In March and April of 2018, a team of 17 trained UXO technicians scoured more than 200 acres of rugged, rocky terrain, to locate and safely remove munitions items. More than 100 pounds of munitions debris and 700 pounds of trash were removed from publically accessible areas, along hiking trails, around anchialine pools, in the right-of-way of Makena Alanui Road, and along the shoreline and perimeter of the ‘Āhihi-Kina‘u Natural Area Reserve.

A former bombing target that contained barbed wire fencing from World War II, miscellaneous construction debris, and garbage, was also cleared of munitions items and then hauled off-site for disposal, thereby returning an otherwise abandoned area to use.

In addition, a biologist was present throughout the remediation field effort to monitor the UXO team and minimize inadvertent impacts to the native ecosystems species and the ongoing habitat restoration efforts being conducted by the ‘Āhihi-Kina‘u Natural Area Reserve managers.

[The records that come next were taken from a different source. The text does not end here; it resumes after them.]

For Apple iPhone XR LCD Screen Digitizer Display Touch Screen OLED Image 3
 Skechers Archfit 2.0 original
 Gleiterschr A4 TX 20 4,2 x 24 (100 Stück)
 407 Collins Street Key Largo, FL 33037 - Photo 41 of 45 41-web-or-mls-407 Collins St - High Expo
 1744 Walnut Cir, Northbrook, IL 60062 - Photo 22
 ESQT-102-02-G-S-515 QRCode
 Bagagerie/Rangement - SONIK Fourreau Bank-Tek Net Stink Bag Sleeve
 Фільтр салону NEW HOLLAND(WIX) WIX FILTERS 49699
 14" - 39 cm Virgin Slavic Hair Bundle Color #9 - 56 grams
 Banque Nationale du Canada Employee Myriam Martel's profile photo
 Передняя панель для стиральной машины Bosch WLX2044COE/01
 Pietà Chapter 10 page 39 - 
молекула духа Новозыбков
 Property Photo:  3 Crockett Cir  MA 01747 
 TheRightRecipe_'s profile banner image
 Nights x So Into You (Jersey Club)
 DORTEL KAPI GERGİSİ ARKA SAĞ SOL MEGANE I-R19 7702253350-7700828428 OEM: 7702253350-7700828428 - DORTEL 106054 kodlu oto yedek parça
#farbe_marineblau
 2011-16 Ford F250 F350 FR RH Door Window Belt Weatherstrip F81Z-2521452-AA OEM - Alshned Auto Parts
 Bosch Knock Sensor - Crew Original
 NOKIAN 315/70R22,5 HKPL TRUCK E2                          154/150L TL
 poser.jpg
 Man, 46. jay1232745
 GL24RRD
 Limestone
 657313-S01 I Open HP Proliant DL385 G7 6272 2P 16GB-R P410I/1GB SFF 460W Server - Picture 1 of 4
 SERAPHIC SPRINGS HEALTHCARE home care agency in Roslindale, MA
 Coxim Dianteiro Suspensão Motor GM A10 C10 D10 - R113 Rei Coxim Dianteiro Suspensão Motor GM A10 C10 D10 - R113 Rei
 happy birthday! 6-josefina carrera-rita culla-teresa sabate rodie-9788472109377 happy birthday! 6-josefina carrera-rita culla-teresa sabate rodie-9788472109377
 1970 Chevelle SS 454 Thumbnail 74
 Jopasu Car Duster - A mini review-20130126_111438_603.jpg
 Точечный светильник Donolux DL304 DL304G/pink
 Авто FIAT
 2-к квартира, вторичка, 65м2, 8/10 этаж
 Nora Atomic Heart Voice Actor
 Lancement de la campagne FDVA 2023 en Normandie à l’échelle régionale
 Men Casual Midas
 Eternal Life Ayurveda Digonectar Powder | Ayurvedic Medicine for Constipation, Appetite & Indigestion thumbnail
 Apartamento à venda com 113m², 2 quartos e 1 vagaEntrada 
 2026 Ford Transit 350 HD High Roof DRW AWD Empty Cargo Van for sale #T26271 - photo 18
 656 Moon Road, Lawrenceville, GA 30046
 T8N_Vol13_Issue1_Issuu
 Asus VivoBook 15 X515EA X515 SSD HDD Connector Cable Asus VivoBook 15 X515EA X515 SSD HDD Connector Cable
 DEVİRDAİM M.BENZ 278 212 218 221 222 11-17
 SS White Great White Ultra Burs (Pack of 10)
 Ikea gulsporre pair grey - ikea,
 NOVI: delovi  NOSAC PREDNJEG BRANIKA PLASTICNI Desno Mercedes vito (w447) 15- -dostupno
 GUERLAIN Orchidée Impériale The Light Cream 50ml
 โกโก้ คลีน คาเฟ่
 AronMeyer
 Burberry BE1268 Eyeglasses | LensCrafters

“The completion of the Remedial Action is the culmination of many years of collaboration between the U.S. Army Corps of Engineers, the State of Hawaii Department of Land and Natural Resources, and State of Hawaii Department of Health,” said Lori Wong, USACE Project Manager, who worked on the project since 2010. “We are delighted to have achieved the goals of the remediation efforts, returning the reserve to safe and educated use.”